Goals of the project:
- Investigate if using CoordConv layers instead of standard Conv will help to improve the performance.
- Compare the performance of the new model in evaluation metric and motivate the choice of metrics.
- Explore new ideas that might achieve better performance than conventional STNs.
Set up the environment:
docker build -t pytorch-stn .
Train and test the STN with different layers:
docker run -v "$(pwd):/app" pytorch-stn --layer='conv' --epochs=50
docker run -v "$(pwd):/app" pytorch-stn --layer='coordconv' --epochs=50
Output images:
imgs/stn.png
: visualize the batch of input images and the corresponding transformed batch using STNimgs/cm.png
: confusion matrix where number of predictions are summarized with count values.
The proposed CoordConv layer is a simple extension to the standard convolutional layer. Convolutional layers are used in a lot of applications because they often work well, perhaps due to some combination of three factors:
- they have relatively few learned parameters.
- they are fast to compute on modern GPUs.
- they learn a function that is translation invariant.
Following figure shows a comparison of 2D Conv and CoordConv layers.
Uber AI paper suggest that including CoordConv layers can boost the performance. In order to verify this hypothesis, we will compare the performance using Conv and CoordConv layers and training the models during 50 epochs. We will evaluate the accuracy for each number in MNIST dataset, and the average loss and the accuracy for the whole test set. Following tables shows the results:
Layer | 0 | 1 | 2 | 3 | 4 | 5 | 6 | 7 | 8 | 9 |
---|---|---|---|---|---|---|---|---|---|---|
Conv | 99% | 99% | 99% | 99% | 99% | 98% | 99% | 98% | 99% | 98% |
CoordConv | 99% | 99% | 99% | 99% | 98% | 98% | 98% | 99% | 99% | 98% |
Layer | Average loss | Accuracy |
---|---|---|
Conv | 0.0296 | 9921/10000 (99%) |
CoordConv | 0.0312 | 9908/10000 (99%) |
As we can see on the previous tables, the performances using Conv and CoordConv layers are pretty similar. We will compute the confusion matrix in order to summarize the predictions broken down by each number.
Confusion Matrix Conv Layer | Confusion Matrix CoordConv Layer |
---|---|
For this image classification problem, using the CoordConv layer doesn't improve the performance in classification task.

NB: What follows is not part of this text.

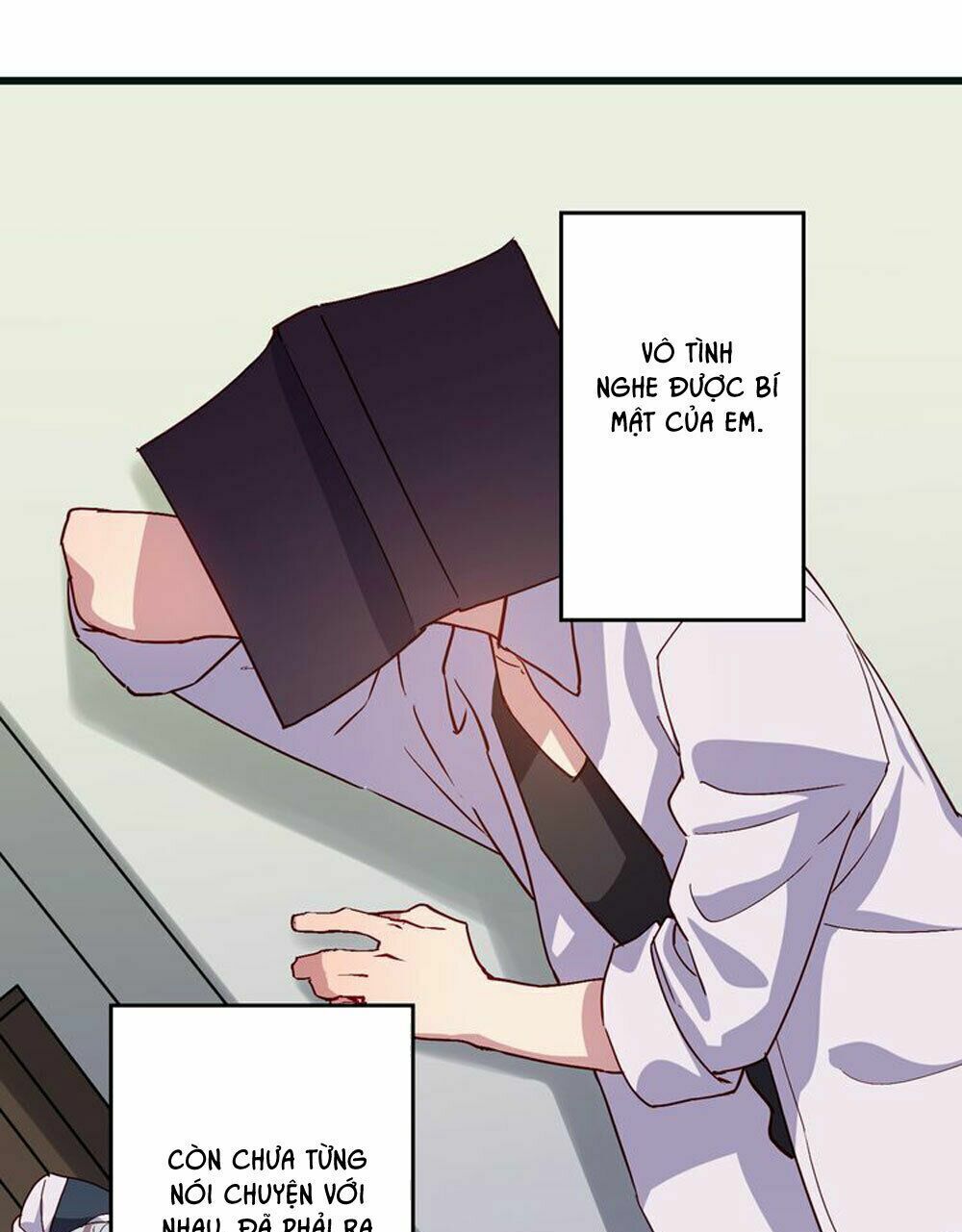 Bài Ca Tình Yêu: Chapter 4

Although the previous tables shows that the accuracy is slightly worse in predictions with CoordConv layer during 50 training epochs, we've also evaluated the performance with less number of training epochs.
All of the experiments shown that the accuracy does not improve considerably using CoordConv layers. In image classification we don't expect see much improvement, because Conv layers are actually designed to be spatially invariant.

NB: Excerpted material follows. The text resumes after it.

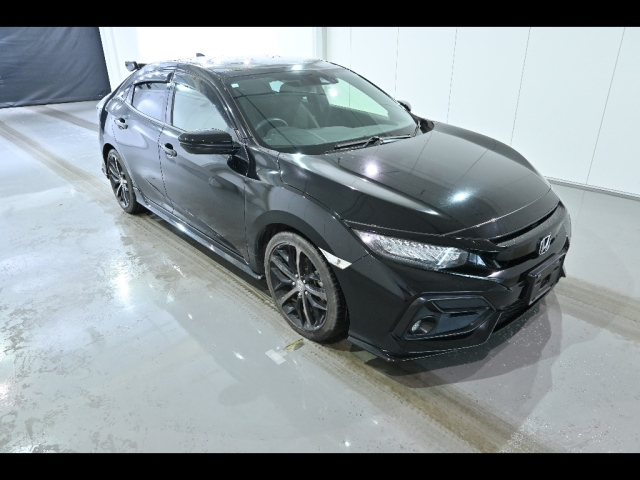 HONDA CIVIC 2020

We will try to boost the performance, using Leaky ReLU activation function instead of ReLU in the spatial transformer network. We will include CoordConv layers as well. The derivative of Leaky ReLU is not a 0 in the negative part, and this activation function have a little slope to allow the gradients to flow on. Let's verify if this condition could be a benefit to improve the performance. We will evaluate the performance following the same methodology than the previous experiments.
Command to reproduce the experiment:
docker run -v "$(pwd):/app" pytorch-stn --function='leakyrelu' --epochs=50
Activation | 0 | 1 | 2 | 3 | 4 | 5 | 6 | 7 | 8 | 9 |
---|---|---|---|---|---|---|---|---|---|---|
Leaky ReLU | 99% | 99% | 99% | 99% | 99% | 98% | 99% | 99% | 99% | 98% |
Activation | Average loss | Accuracy |
---|---|---|
Leaky ReLU | 0.0293 | 9913/10000 (99%) |
Confusion Matrix Conv Layer | Confusion Matrix Leaky ReLU Activation |
---|---|
We observed that using Leaky ReLU activation functions in STN, doesn't improve the performance in classification task. Change the ReLU activation function by Leaky ReLU, doesn't affect significantly to the performance.